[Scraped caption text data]

┄┄┄┄┄┄

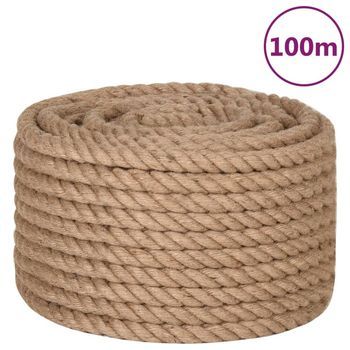 Cuerda De Yute 100 M De Longitud Y 16 Mm De Grosor Vidaxl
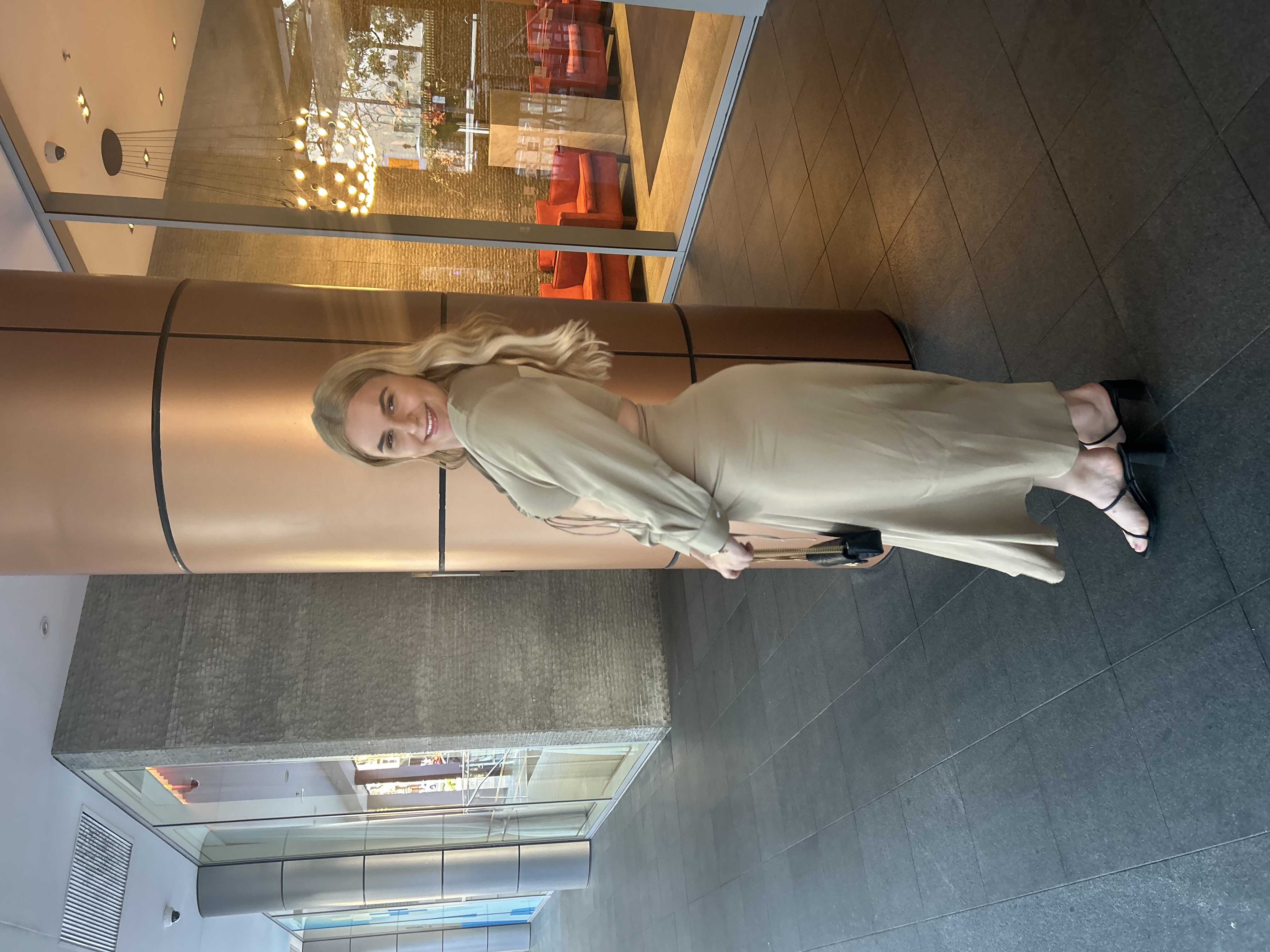 For rent a Beige Christopher Esber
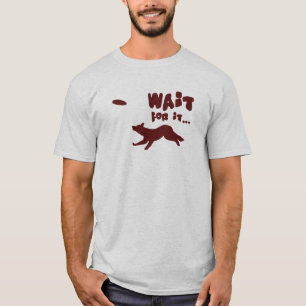 Espera de border collie para ela camiseta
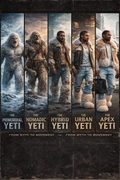 From Myth to Movement – Yeti Evolution Art Poster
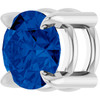 14 Karat White Gold 5 mm Natural Blue Sapphire Gemstone Pendant | $1,418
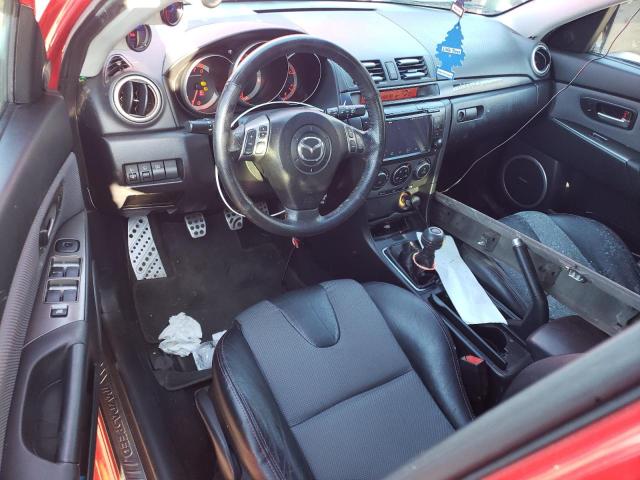 JM1BK34M881856959 - 2008 MAZDA SPEED 3 წითელი ფოტო 8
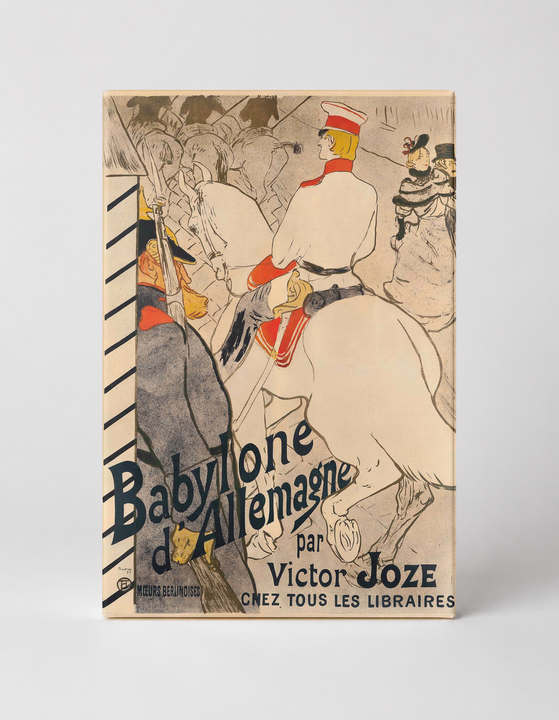 Babylone d'Allemagne 1894 - Belle Époque Vintage French Poster Wall Art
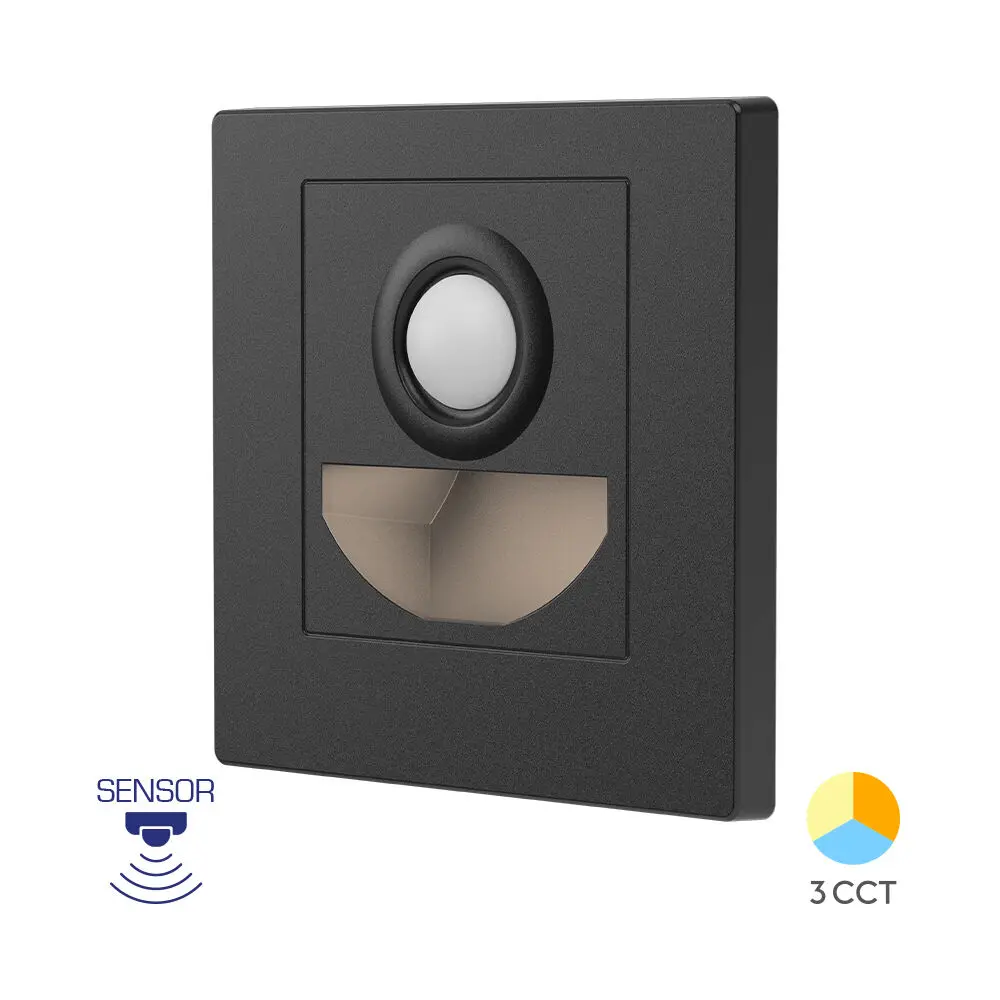 120260 - STEPBSSNS1,5W3IN1BLCSTEPLIGHT BRY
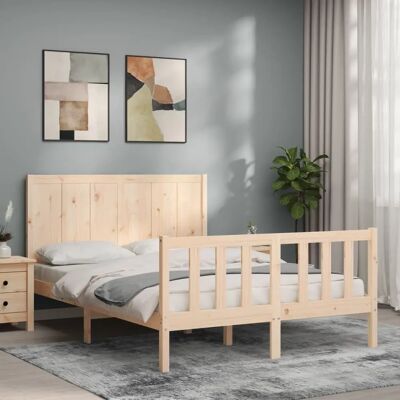 vidaXL Sänkykehys päädyllä 120x200cm - Puu Rustiikki vidaXL Sänkykehys päädyllä 120x200cm - Puu Rustiikki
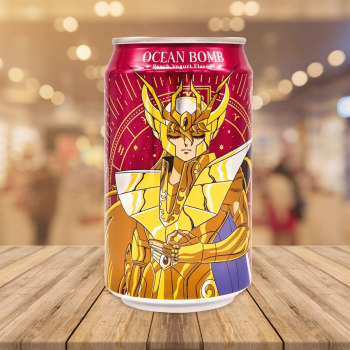 Saint Seiya Sparkling Water-Peach Yogurt 聖鬥士星矢蜜桃乳菌風味氣泡水330ml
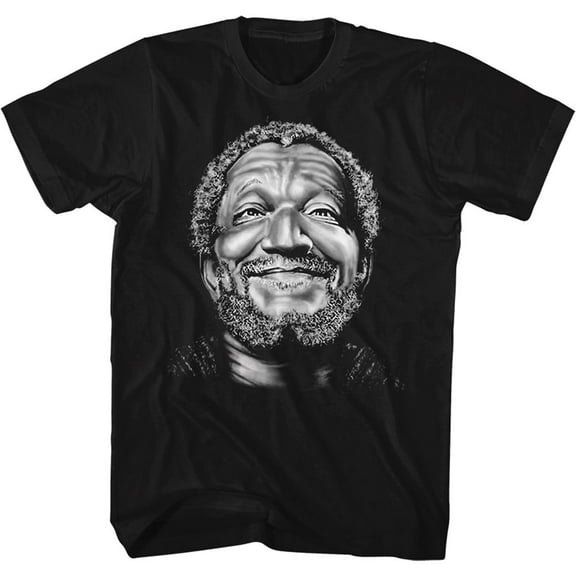 Redd Foxx Smile Fred Black Adult T-Shirt 2Xl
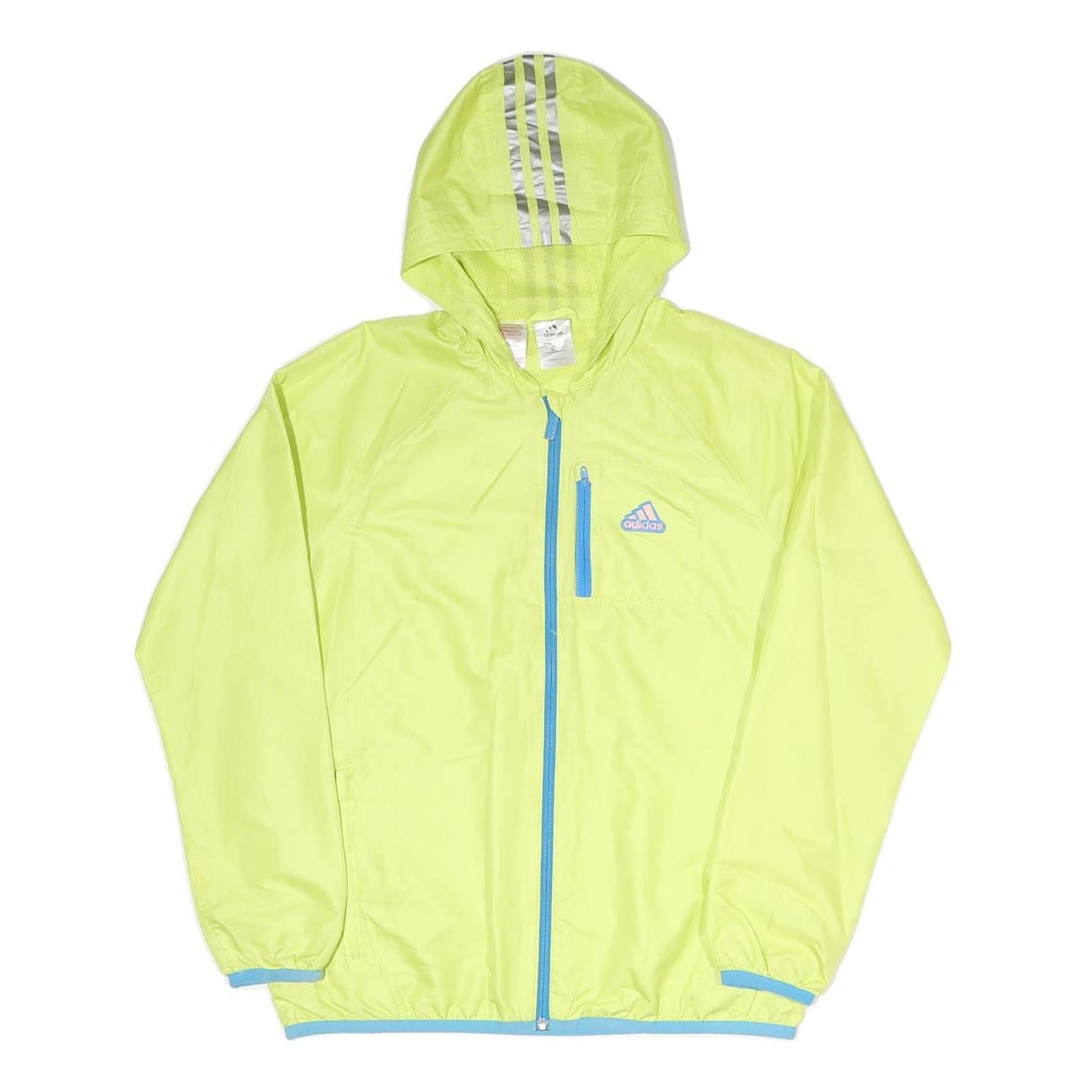 ADIDAS Mens Yellow & Blue Hooded Zip Jacket S Polyester Blend Sports Casual Refurbished - N/A refurbished available on Cerqular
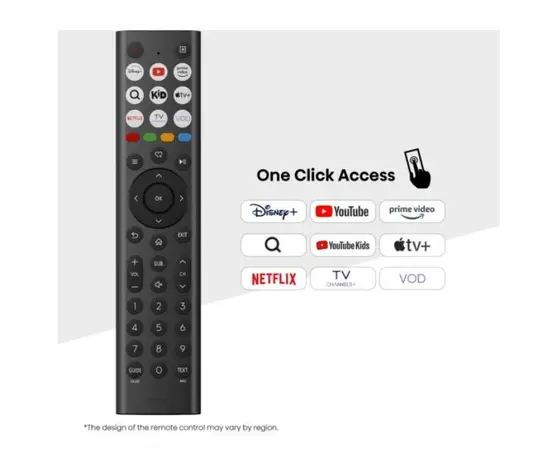 Телевизор Hisense 40' A5Q, Full HD 1920x1080, QLED, Quantum Dot, HDR, HLG, DTS HD, Light Sensor, Dolby Audio, Smart TV, WiFi, WiFi Direct, 2xHDMI, 2xUSB, LAN, CI+, DVB-T2CS2, Black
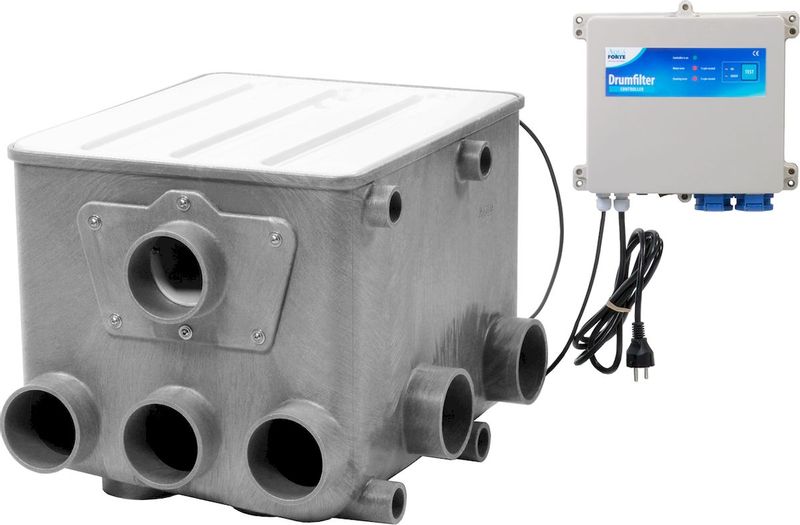 Aquaforte trommelfilter met controller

┄┄┄┄┄┄

Write the lines above out again exactly, without any of their pictures.

 Cuerda De Yute 100 M De Longitud Y 16 Mm De Grosor Vidaxl
 For rent a Beige Christopher Esber
 Espera de border collie para ela camiseta
 From Myth to Movement – Yeti Evolution Art Poster
 14 Karat White Gold 5 mm Natural Blue Sapphire Gemstone Pendant | $1,418
 JM1BK34M881856959 - 2008 MAZDA SPEED 3 წითელი ფოტო 8
 Babylone d'Allemagne 1894 - Belle Époque Vintage French Poster Wall Art
 120260 - STEPBSSNS1,5W3IN1BLCSTEPLIGHT BRY
 vidaXL Sänkykehys päädyllä 120x200cm - Puu Rustiikki vidaXL Sänkykehys päädyllä 120x200cm - Puu Rustiikki
 Saint Seiya Sparkling Water-Peach Yogurt 聖鬥士星矢蜜桃乳菌風味氣泡水330ml
 Redd Foxx Smile Fred Black Adult T-Shirt 2Xl
 ADIDAS Mens Yellow & Blue Hooded Zip Jacket S Polyester Blend Sports Casual Refurbished - N/A refurbished available on Cerqular
 Телевизор Hisense 40' A5Q, Full HD 1920x1080, QLED, Quantum Dot, HDR, HLG, DTS HD, Light Sensor, Dolby Audio, Smart TV, WiFi, WiFi Direct, 2xHDMI, 2xUSB, LAN, CI+, DVB-T2CS2, Black
 Aquaforte trommelfilter met controller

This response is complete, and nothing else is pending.